Читать «Ловкая бестия» онлайн - страница 18

Марина Серова

Единственное, что совпадало в этих двух ипостасях, столько лет подряд ведущих в моей душе сражение не на жизнь, а на смерть, — это лицо. То доброе и любящее, знакомое до каждой морщинки в уголках глаз, то искаженное в злобной гримасе. Впрочем, таким я видела его только один раз — в нашу последнюю встречу.

А до той поры моя жизнь протекала вполне безоблачно. Высокий чин отца обеспечивал нашей семье спокойную и состоятельную жизнь. Родители меня баловали, и я не помню, чтобы хоть раз на мою просьбу ответили отказом. Количество кукол в моей спальне исчислялось десятками, каждое воскресенье я получала в подарок какую-нибудь обновку, а уж о сладостях и говорить не приходится.

До сих пор мне снятся наши прогулки — шелест хвои в лесу, смутные силуэты танкеров в бухте, бешеные морозы и прохладный ветер летом, китовая туша на палубе с соленым жирным запахом и пятящийся по песку краб, который отступает от моих детских сандалек…

А когда я слышу по радио слова: Дальнереченск, Дальнегорск или Лучегорск, мое сердце замирает, как будто меня окликнул знакомый голос.

Странно, что мама помнится не так ясно, не так полно, как отец. Может быть, потому, что удар, нанесенный ее внезапной смертью, был настолько силен, а последствия его столь гибельны для нашей семьи, что я перенесла всю мощь своей памяти с любви на ненависть?

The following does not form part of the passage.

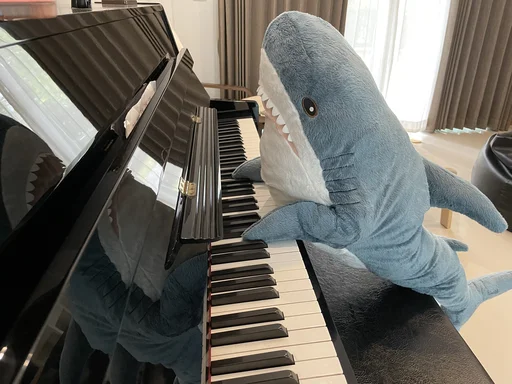 🎹 Стикер «Акулка mood» для Telegram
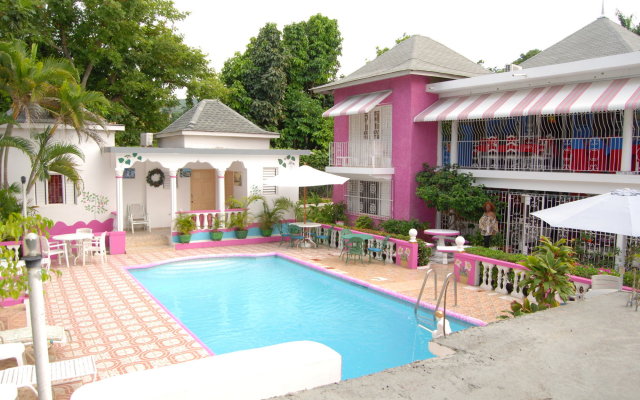 PinkHibiscus Guest House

Порой мне кажется, что это не совсем честно. Получается эдипов комплекс наоборот — я ненавижу отца за то, что он предал память о матери. Как взрослый человек, я могу найти оправдания его поступку, но, видно, ребенок во мне пока что сильнее и его отчаянный вопль заглушает тихий голос разума.

Об этой семейной истории мне слишком тяжело вспоминать. И тем не менее не проходит ни одного дня, чтобы я не растравляла свою старую рану.

Сначала это давало мне силы жить, укрепляться в этой жизни и бороться. Теперь это уже как молитва — твердишь каждый день, зная слова назубок, и ждешь помощи. А она приходит не всегда…

* * *

— Я только что был у Бурденко, — сразу же начал Симбирцев, — он говорит, что мой вопрос почти решен. Так что если бы вы, Сергей Алексеевич, со своей стороны оказали посильную поддержку…

— Поддержку, говоришь, — еще натужнее окая, отозвался тот. — А как же мои товарищи? Правильно ли они меня поймут? Не скажут ли, что Пономарев предал русское дело и пошел на поводу у инородцев? Не хотите ли чего-нибудь прохладительного?

Пожилой человек вопросительно обернулся ко мне. Пить мне не хотелось, но я решила, что стоит попросить какую-нибудь минералку. Пока хозяин кабинета отдавал распоряжение секретарю, разговор продолжался.

— Сергей Алексеевич! — в ужасе прижимал Симбирцев руки к груди. — Если дело только в этом… Я не знал, что подобные вопросы имеют для вас первостепенное значение. Но даже если и так, то какой же я инородец? И мама, и папа, и вся родня…

— Да я не про тебя, — отмахнулся Пономарев. — Насчет тебя вопросов не возникает. Я в целом вопрос подымаю. Ты ведь как-никак демократ. А те, которые тут наверх взобрались, хоть и находят иногда общий язык с чаяниями простого народа, все равно задницу преступному режиму лижут. Разве не так?